Dr. B.R. Ambedkar State Institute of Medical Sciences
- Other names: Mohali Medical College AIMS Mohali
- Type: Medical College and hospital
- Established: 2021; 5 years ago
- Affiliations: National Medical Commission
- Academic affiliations: Baba Farid University of Health Sciences
- Director-Principal: Dr. Navdeep Singh Saini
- Location: Mohali, Punjab, India, India
- Website: https://aimsmohali.punjab.gov.in/

= Dr. B. R. Ambedkar State Institute of Medical Sciences =

Dr. B.R. Ambedkar State Institute of Medical Sciences (AIMS Mohali) is a public tertiary medical college and hospital located in SAS Nagar (Mohali), Punjab, India.

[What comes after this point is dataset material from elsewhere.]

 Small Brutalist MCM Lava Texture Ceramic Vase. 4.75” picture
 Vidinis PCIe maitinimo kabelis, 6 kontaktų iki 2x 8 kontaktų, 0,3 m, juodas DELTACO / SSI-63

Established in 2021, the institute offers the undergraduate medical degree of Bachelor of Medicine and Bachelor of Surgery (MBBS). The college is recognized by National Medical Commission and is affiliated with the Baba Farid University of Health Sciences. Like all other Indian medical colleges, student admission in this college happens on the basis of merit through National Eligibility and Entrance Test. The hospital associated with this college is one of the largest hospitals in Mohali.

==Courses==
Dr. B.R. Ambedkar State Institute of Medical Sciences undertakes the education and training of students in MBBS courses.